◆ **Work instruction**
A faithful copy of the data, pictures omitted, is the required answer.

### Given information ###

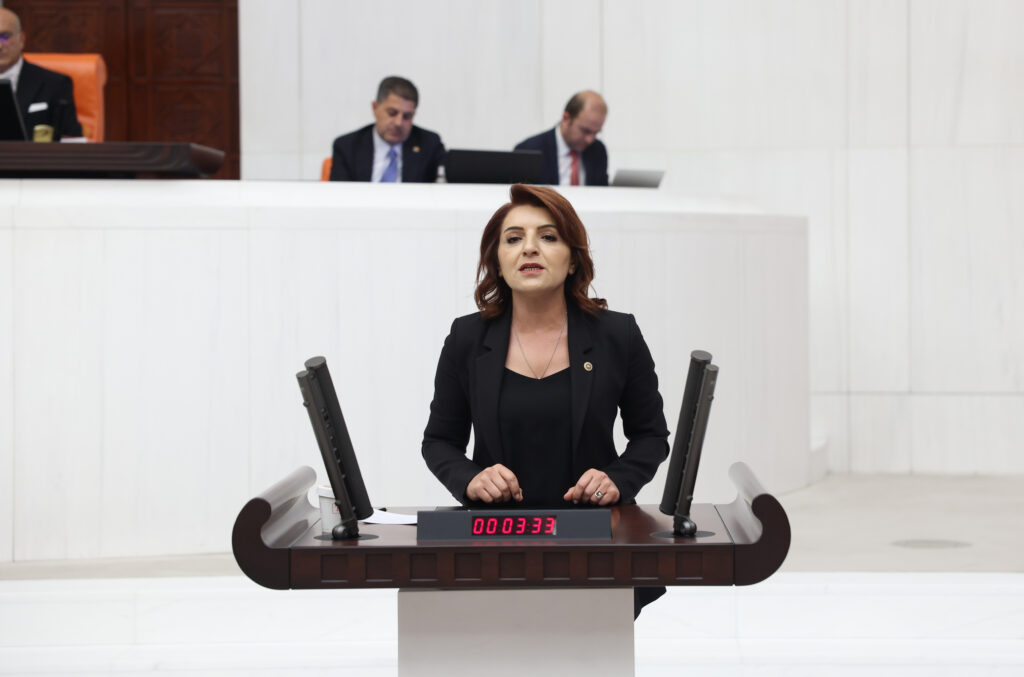 Milletvekili Gülcan Kış TBMM Kürsüsünden Mersin’in Sesi Oldu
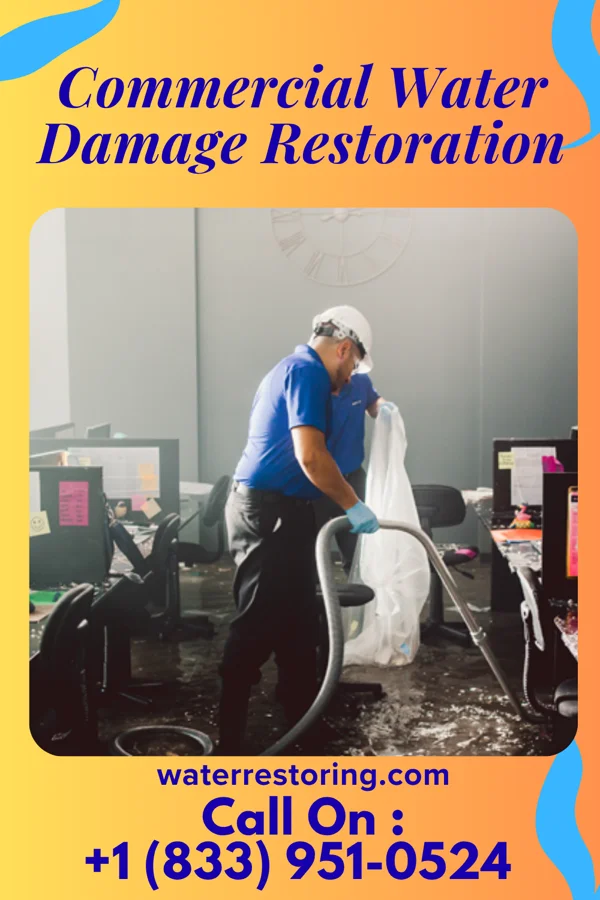 Commercial Water Damage Restoration in Sea Girt, NJ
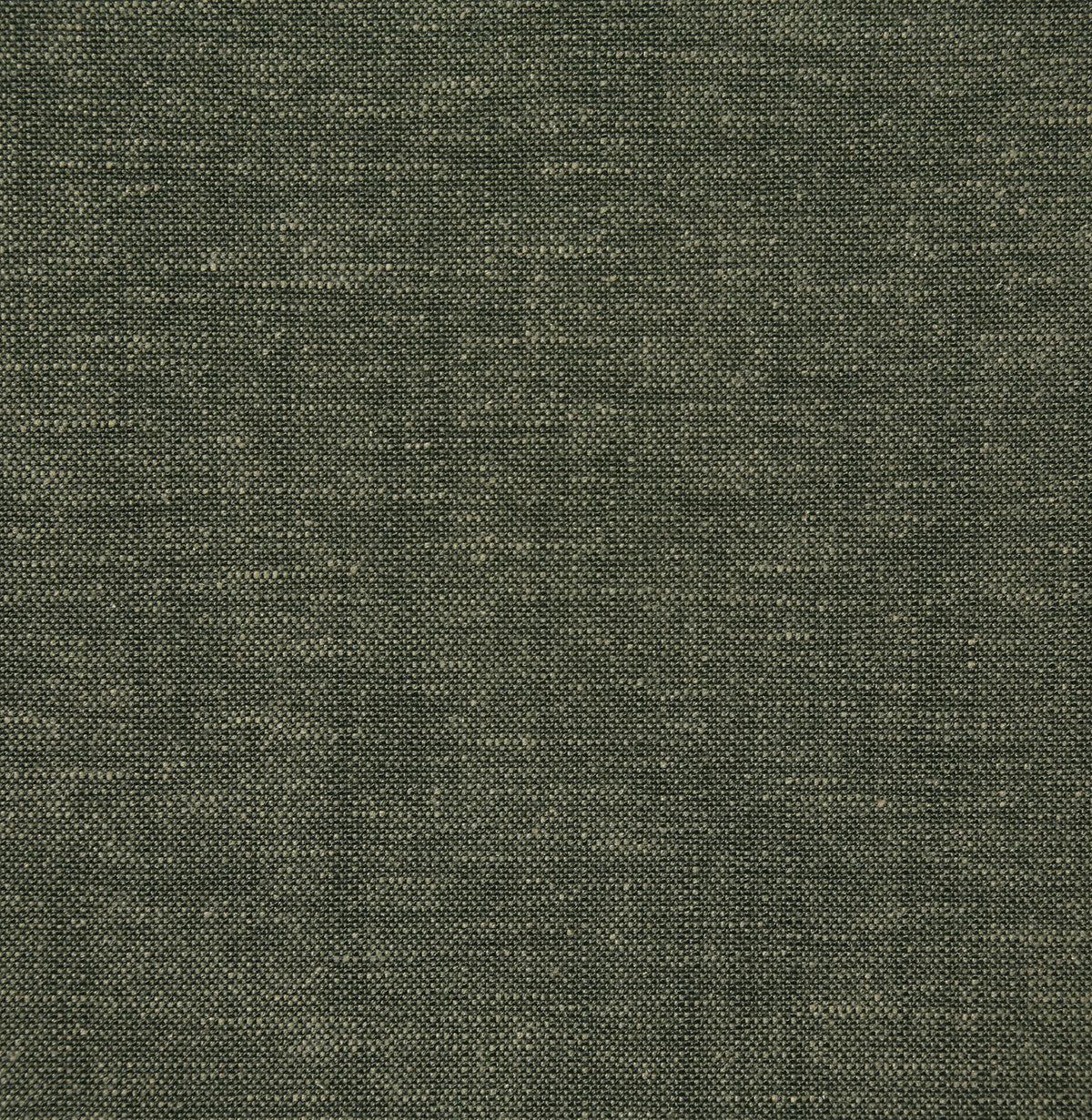 8342-gerald-pine-pindler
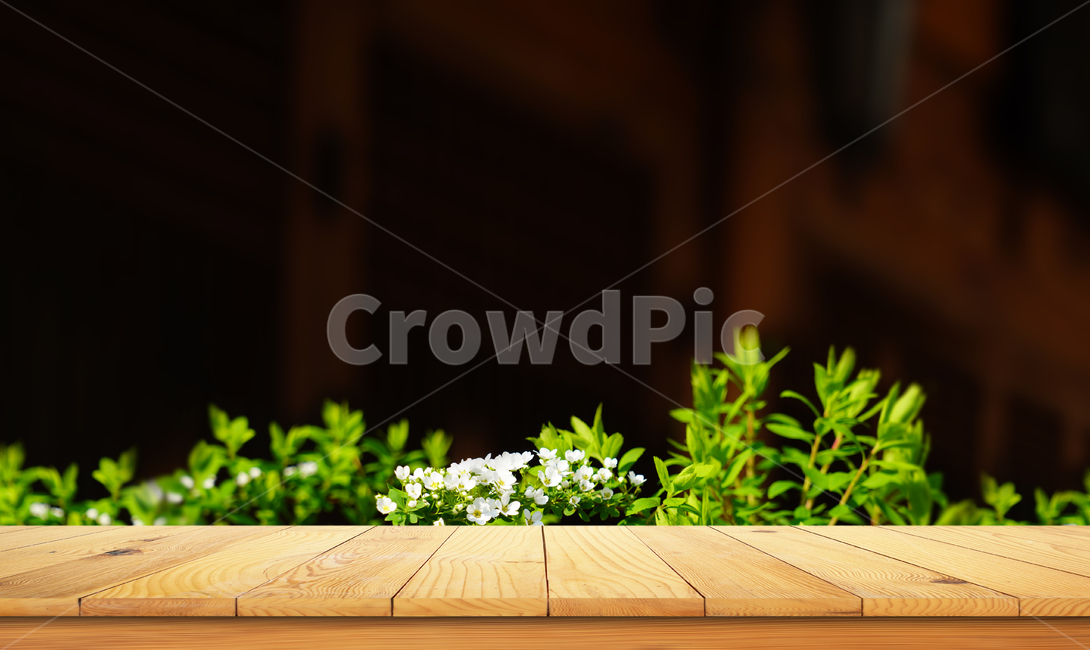 테이블,탁자,데크,나무,화단,정원,나뭇잎,백그라운드,배경,plant,식물,식물,자연,plants,nature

###

◆ **Reply**
 Milletvekili Gülcan Kış TBMM Kürsüsünden Mersin’in Sesi Oldu
 Commercial Water Damage Restoration in Sea Girt, NJ
 8342-gerald-pine-pindler
 테이블,탁자,데크,나무,화단,정원,나뭇잎,백그라운드,배경,plant,식물,식물,자연,plants,nature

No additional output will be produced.